§ **Your assignment**
Only the lines from the one containing "Rows of photographs" to the end of the data should be copied, exactly and without pictures.

(Dataset content)

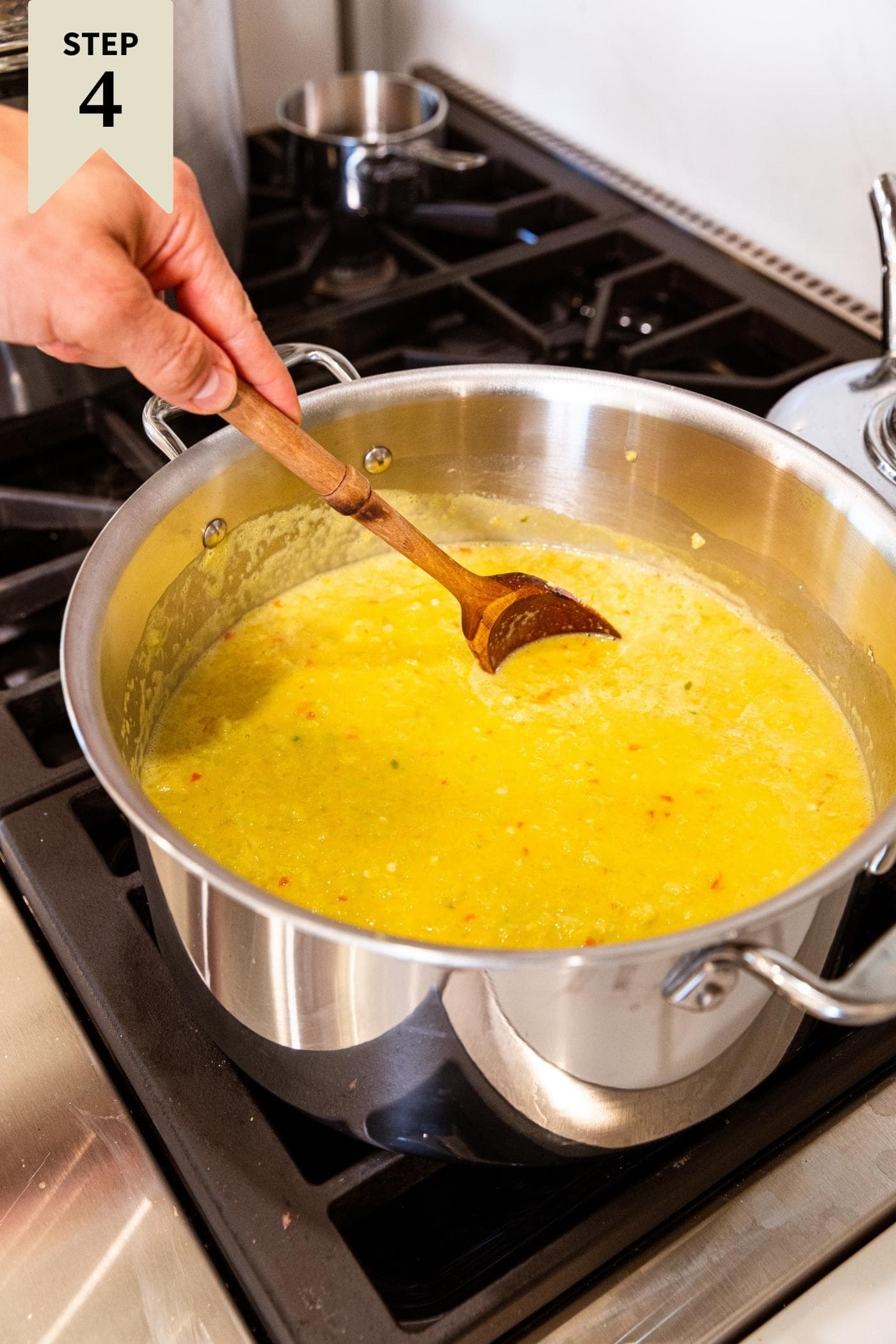 Hand holding wooden spoon stirring pepper mustard mixture in large metal stockpot on stove.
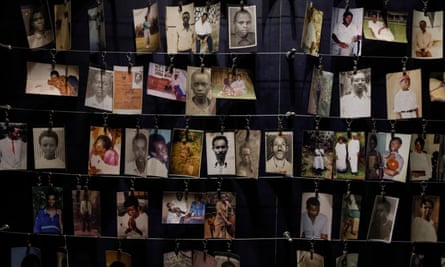 Rows of photographs pegged on to strings showing portraits and family photos of victims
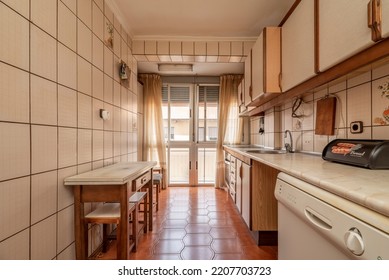 Antique Kitchen With Edge Wood Cabinets, Folding Table With Stools, Bay Window In Back, And Light Brown Flooring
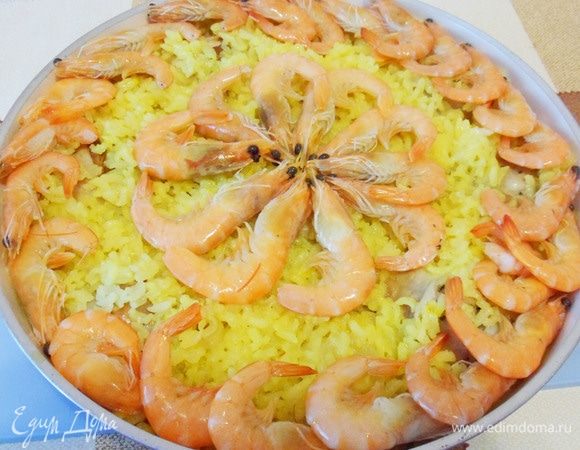 Пришло время добавить крупные размороженные креветки в панцире. Аккуратно разложить поверх риса.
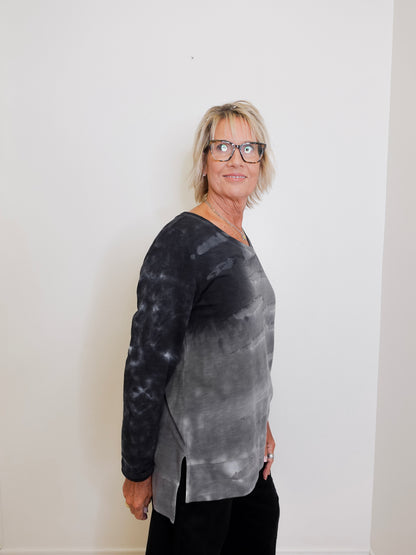 Person wearing a black and gray tie-dye long-sleeve shirt against a white background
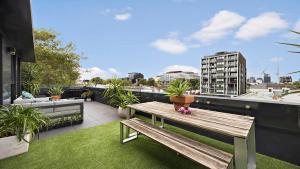 a wooden bench sitting on top of a balcony at Richmond Retreat in Melbourne +4 photos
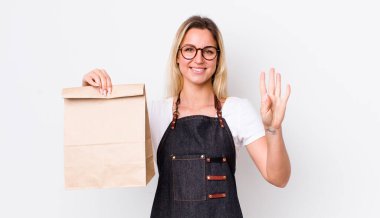 Sarışın, güzel bir kadın gülümsüyor ve arkadaş canlısı görünüyor, dört numarayı gösteriyor. teslimat paket servis kavramı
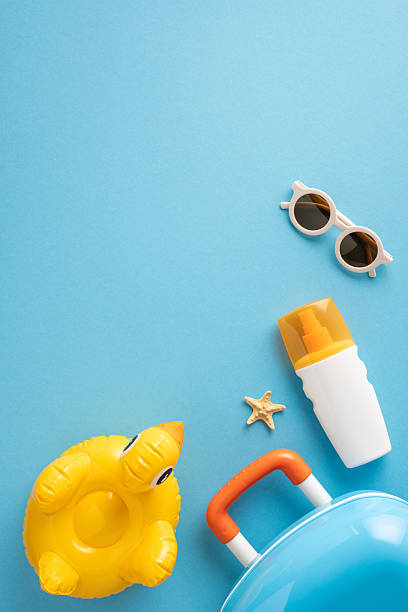 istock Flat lay vertical composition featuring summer travel accessories including a suitcase, sunscreen, sunglasses, starfish, and inflatable duck on a blue background, evoking feelings of vacation 2216334947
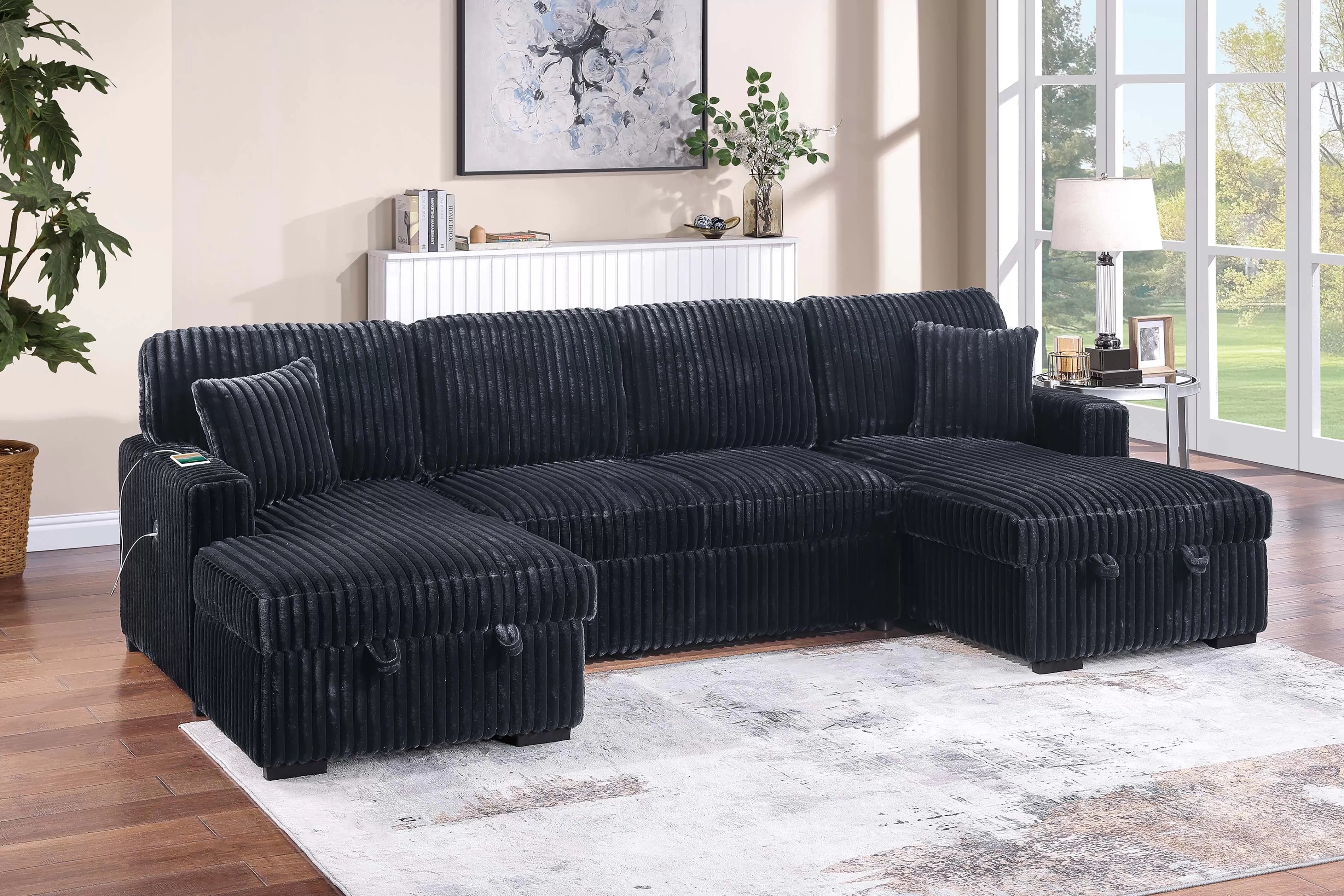 Black sectional sofa in a living room setting with decor elements.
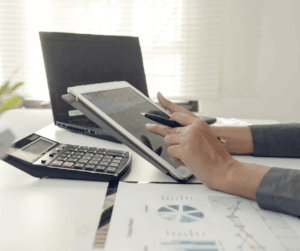 Gestion financière moderne pour PME - EnfinFidu Femme assise à un bureau utilisant un iPad avec calculatrice, graphiques et ordinateur pour analyser la situation financière de son entreprise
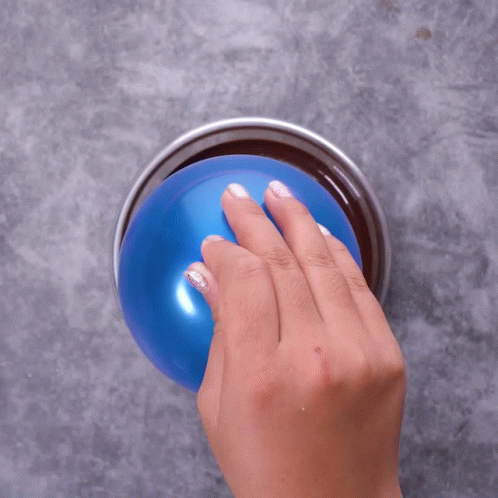 a hand reaching to touch an orange disc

(End Dataset content)

§ **Reply**
 Rows of photographs pegged on to strings showing portraits and family photos of victims
 Antique Kitchen With Edge Wood Cabinets, Folding Table With Stools, Bay Window In Back, And Light Brown Flooring
 Пришло время добавить крупные размороженные креветки в панцире. Аккуратно разложить поверх риса.
 Person wearing a black and gray tie-dye long-sleeve shirt against a white background
 a wooden bench sitting on top of a balcony at Richmond Retreat in Melbourne +4 photos
 Sarışın, güzel bir kadın gülümsüyor ve arkadaş canlısı görünüyor, dört numarayı gösteriyor. teslimat paket servis kavramı
 istock Flat lay vertical composition featuring summer travel accessories including a suitcase, sunscreen, sunglasses, starfish, and inflatable duck on a blue background, evoking feelings of vacation 2216334947
 Black sectional sofa in a living room setting with decor elements.
 Gestion financière moderne pour PME - EnfinFidu Femme assise à un bureau utilisant un iPad avec calculatrice, graphiques et ordinateur pour analyser la situation financière de son entreprise
 a hand reaching to touch an orange disc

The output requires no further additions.